Poesía

Dos poemas inéditos de Mircea Cărtărescu

En versiones de Lala Toutonián

Nacido en Bucarest en 1956, Cărtărescu es considerado por la crítica literaria el más importante escritor rumano de la actualidad y uno de los más importantes teóricos del posmodernismo rumano. Además, es uno de los invitados al próximo Filba Internacional 2020.

Nacido en Bucarest en 1956, Mircea Cărtărescu es un poeta, narrador y crítico literario rumano considerado por la crítica literaria el más importante narrador rumano de la actualidad y uno de los más importantes teóricos del posmodernismo rumano. Además, es uno de los invitados al próximo Filba Internacional 2020.


De su obra poética, que cultivó a lo largo de toda la década de los ochenta, destaca El Levante, que Impedimenta recuperó en 2015 en una versión especialmente preparada por el autor. Cărtărescu dio el salto a la narrativa con el volumen de cuentos Nostalgia (Premio de la Academia Rumana). Su proyecto Cegador (1996-2007), una críptica trilogía que adopta la forma de una mariposa, será recuperada próximamente en traducción directa del rumano. En 2015 publicó la novela Solenoide (Impedimenta, 2017), considerada su obra más madura hasta la fecha. En 2018 recibió el Premio Formentor de las Letras, y algunos consideran que podría ser el primer escritor en lengua rumana en obtener el Premio Nobel de Literatura.


 


Compartimos dos poemas suyos en versiones de Lala Toutonián, tomados de Nada: Poemas (1988-1992):


 


 


 


Nubes sobre el bloque opuesto


No puedo hacer que la aguja de la brújula se mueva a través de la concentración.


Lo intenté. No puedo hacerlo.


No puedo canalizar la imagen de un naipe. Lo intenté.


Quería levitar y concentrarme media hora


y me sentí loco, acostado de espaldas en una cama deshecha, sudando.


Traté de hacer que una mujer me mirara en el metro


por supuesto, ella no miró.


¡Señor, no soy tu elegido!


El mundo no cambia para mí.


No amo lo suficiente, no tengo suficiente fe.


No tengo un aura alrededor de mi cabeza


y no me has mostrado, no has dado una señal.


Sostengo el mantel entre mis dedos:


sin ceder, sin elevarse en vapor rojo.


Toco el cabello de mi niña, los rizos:


oscuro, dorado, suave.


Nada confunde mis sentidos.
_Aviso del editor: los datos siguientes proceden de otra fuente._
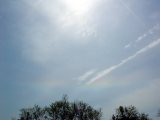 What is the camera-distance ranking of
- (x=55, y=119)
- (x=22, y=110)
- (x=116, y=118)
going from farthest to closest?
(x=22, y=110) < (x=55, y=119) < (x=116, y=118)

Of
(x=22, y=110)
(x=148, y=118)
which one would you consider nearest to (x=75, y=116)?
(x=22, y=110)

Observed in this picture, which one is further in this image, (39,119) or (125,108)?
(39,119)

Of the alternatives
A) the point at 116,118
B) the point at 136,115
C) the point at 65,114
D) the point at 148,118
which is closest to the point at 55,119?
the point at 65,114

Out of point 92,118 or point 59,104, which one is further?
point 92,118

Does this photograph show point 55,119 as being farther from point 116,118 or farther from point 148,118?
point 148,118

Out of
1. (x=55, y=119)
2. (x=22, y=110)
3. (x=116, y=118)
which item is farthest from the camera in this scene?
(x=22, y=110)

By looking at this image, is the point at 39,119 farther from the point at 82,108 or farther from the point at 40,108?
the point at 82,108

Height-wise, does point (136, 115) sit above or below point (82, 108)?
below

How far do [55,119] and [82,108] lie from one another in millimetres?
10120

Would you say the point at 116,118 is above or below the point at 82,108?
below

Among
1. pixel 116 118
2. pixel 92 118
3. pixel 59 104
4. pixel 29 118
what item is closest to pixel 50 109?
pixel 59 104

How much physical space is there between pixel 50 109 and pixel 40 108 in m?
5.23

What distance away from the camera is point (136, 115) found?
199 feet

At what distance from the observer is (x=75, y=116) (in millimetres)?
65875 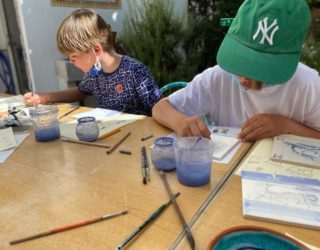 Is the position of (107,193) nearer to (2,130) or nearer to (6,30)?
(2,130)

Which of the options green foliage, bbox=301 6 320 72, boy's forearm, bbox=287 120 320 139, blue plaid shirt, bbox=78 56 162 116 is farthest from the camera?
green foliage, bbox=301 6 320 72

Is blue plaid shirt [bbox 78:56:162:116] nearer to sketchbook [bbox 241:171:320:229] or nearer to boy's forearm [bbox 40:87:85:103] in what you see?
boy's forearm [bbox 40:87:85:103]

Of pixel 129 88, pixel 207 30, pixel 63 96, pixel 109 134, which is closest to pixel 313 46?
pixel 207 30

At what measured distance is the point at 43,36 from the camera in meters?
2.65

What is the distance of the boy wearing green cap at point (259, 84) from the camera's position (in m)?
0.77

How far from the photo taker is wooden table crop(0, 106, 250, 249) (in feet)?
1.80

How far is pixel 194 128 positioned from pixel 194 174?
25 cm

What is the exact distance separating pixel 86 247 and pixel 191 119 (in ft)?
1.80

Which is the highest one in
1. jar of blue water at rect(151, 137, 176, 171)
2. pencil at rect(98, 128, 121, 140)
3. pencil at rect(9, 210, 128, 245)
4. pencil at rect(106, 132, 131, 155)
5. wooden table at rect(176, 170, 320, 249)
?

No hay ilusión.


Mi mente es un suave espejo del mundo.


Liso y plano.


No hay rasguño.


No hay vida pasada, ninguna criatura ectoplásmica.
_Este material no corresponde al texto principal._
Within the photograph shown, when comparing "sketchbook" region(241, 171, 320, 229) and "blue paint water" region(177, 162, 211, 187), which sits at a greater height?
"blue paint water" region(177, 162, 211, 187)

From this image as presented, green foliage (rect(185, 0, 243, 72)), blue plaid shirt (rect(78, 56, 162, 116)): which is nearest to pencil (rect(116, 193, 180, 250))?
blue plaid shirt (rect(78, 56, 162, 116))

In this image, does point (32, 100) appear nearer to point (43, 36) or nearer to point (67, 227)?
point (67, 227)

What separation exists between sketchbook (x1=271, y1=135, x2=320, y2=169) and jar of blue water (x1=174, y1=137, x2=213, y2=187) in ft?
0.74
No hay Agartha, no hay Shambala


no hay Maya, lo que viene en sueños


es solo el maquillaje de la nada.


Miro la llama de la estufa, hipnotizado,


sabiendo que vine de un útero,


sabiendo que me iré en un ataúd o mancharé la tierra con mi sangre.


No seré yo quien encuentre la grieta.


No seré yo con la cabeza vuelta en la foto de grupo.


 


 


 


Mi sueño es una grabadora


solo se necesita muy poco para ser feliz


cuando terminé mis meditaciones sobre el infinito


cuando mis delirios de grandeza se disolvieron


cuando la marca en mis huesos y collar se desvaneció


cuando de repente dejé de pensar en mí mismo como


Jesús, Bob Dylan, Gauss y Vonnegut


(jr.) al mismo tiempo cuando


la palabra pronto tuvo sentido para mí


y lo diré de nuevo: cuando parezca


que las nubes nunca toman forma de guitarra, torno, carrusel, lata de café


regla deslizante, clavícula o muelas del juicio,


cuando me doy cuenta de que no tengo más remedio que vagar


manos en mis bolsillos


entre colores en ruinas,


cuando supe que no pienso con mi cerebro, y nada depende de mí


y no me detendré ahí:


cuando me vi obligado a tener un departamento y un trabajo


pero pensé que esta vida era demasiado pobre para mí


cuando estaba lleno de lunares, tumores benignos me taladraban


cuando leo a Dostoievski sin hacer una mueca


cuando yo, el maravilloso espectáculo, hice cola en la tienda,


pensé en comprar una grabadora de carrete a carrete


Kashtan, dos mil dólares,


porque me gusta más escuchar musica


y me encantaría tener algo tan lindo


escuchándome


a menudo


saliendo de la escuela, paraba en las tiendas de electrónica


en Strada Doamna Ghica


y vi la hermosa grabadora que me prometieron


su linda figura cuadrada


sus suaves e inteligentes carretes


sus LED verdes parpadeantes


allí, en exhibición


entre dos delicados altavoces negros


y ahora ella es mi sueño, cuando todos los demás sueños se han ido.